The result was that we ended up seeking out ATMs to withdraw cash in order to avoid any embarrassing situations in stores, restaurants or even public transportation. I thought one reason to carry a debit (or credit) card with a VISA or Master Card logo was convenience and ease of use, and the elimination of having to acquire foreign currency before embarking on any travel outside the United States. It is not easy to buy foreign currency in a US bank or credit union. If you are lucky, the institution may be able to order the type of currency you want, but in most cases they can’t help you. Walk into any bank in Europe and you can buy just about any world currency you want.

I find US banks and credit unions operating in the “stone ages” compared to similar institutions in e.g. Norway, stretching from online banking systems to wire transfer, and, as above, to customer friendliness and making life easy on their customers.
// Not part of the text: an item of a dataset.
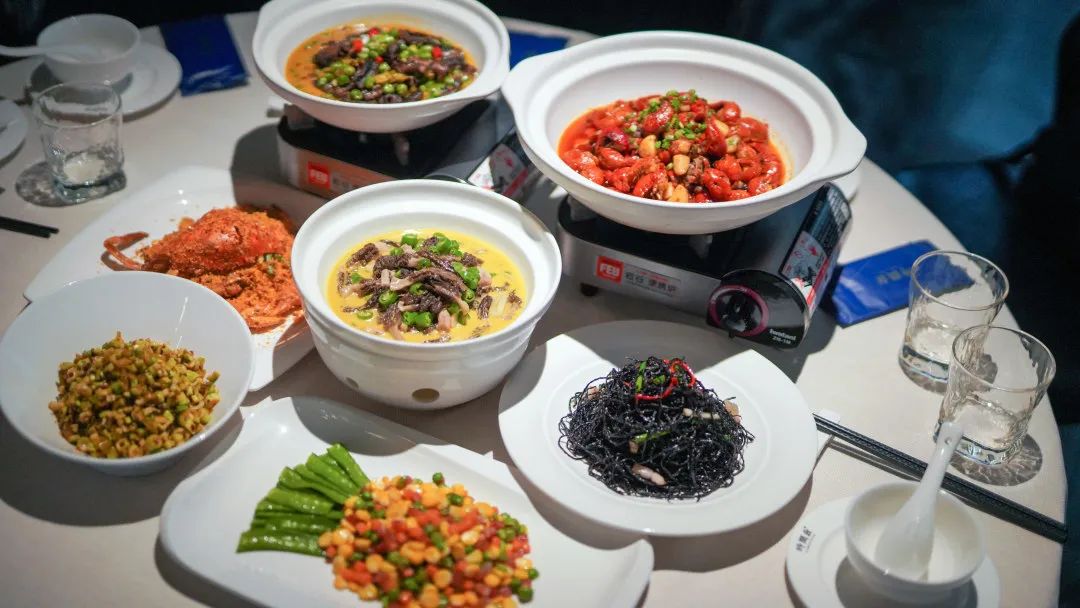 「补过新年第三弹」100张“新年福利“来告诉你，在长沙怎么讲究地吃一天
Don’t get me started on online banking convenience. Why can an online bank customer in Norway pay his/her bill and the money is instantly applied to the recipients account. There is no 2-3-7 days wait time. There is no printing and mailing of checks. It is done 100% electronic and basically in real time.

In your article you state that there is a significant cost involved in installing new terminals to read the chip cards, and that is a major reason there is resistance in the US to implement this system. Well, while I was away in Norway, I received my new replacement Chase debit card (the old was about to expire), and it has a brand new feature called “blink”. “Blink is easy” a note attached to the card told me. “Now paying for purchases is a breeze. Just hold your Chase Check Card to the reader instead of swiping it.” But, doesn’t this new technology require new readers to be installed? A picture of a reader does indicate that there is a special reader for these “Blink” cards. Isn’t this an expensive change?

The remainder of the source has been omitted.